『太王四神記』でペ・ヨンジュンが扮した広開土大王(クァンゲトデワン)が国王だったのは391年から413年までであった。当時の詳細な資料をもとにロケ用の王宮が造られたという。それでも、工事中にただ実感したのは、「一つのドラマのためにここまで大規模に王宮を造ってしまう迫力」だった。

 一方、第二ロケ地のほうでは、砦、競技場、村里が再現されていた。高句麗は勇壮な騎馬軍団を抱えていたが、その根拠地となるのが砦であり、兵士たちが競い合ったのが競技場であった。

『太王四神記』の第二ロケ地に造られた施設(2006年12月/撮影キム・ジョンウォン)

 こうして完成した二つのロケ施設を最大限に生かして2007年に『太王四神記』は制作されて、韓国MBCでの放送時には30%以上の視聴率を挙げて大ヒットした。

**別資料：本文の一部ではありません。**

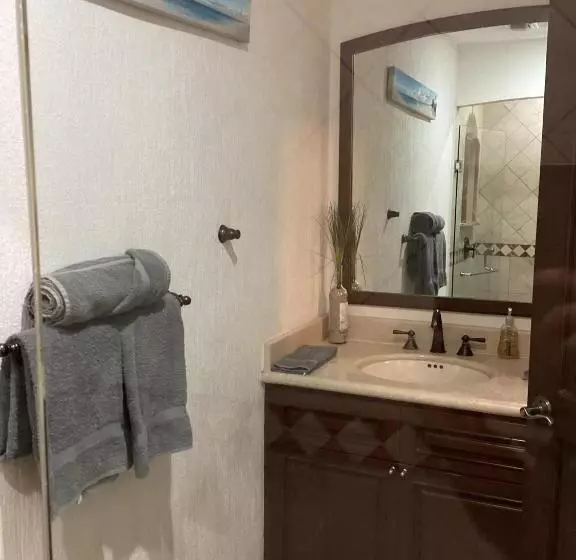 リゾートホテル Spacious 4 Bedroom Condo With Expansive Ocean Views And Luxurous Features   #910 Sonoran Sky   Rp Va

「まさか『太王四神記』がペ・ヨンジュンの最後の主演作になるとは思わなかった」

 それが率直な感想だ。彼が俳優として劇的にカムバックする可能性はゼロではないが、現実的には「ほとんどないだろう」と思わざるをえない。

『太王四神記』以後も、多くの韓国ドラマが済州島でロケをしている。その記事を読むたびに「ロケに参加した俳優たちはアワビ粥を食べただろうか」と思ってしまう。ペ・ヨンジュンが愛したように、多くの俳優がアワビ粥を堪能してくれたらそれだけで嬉しい。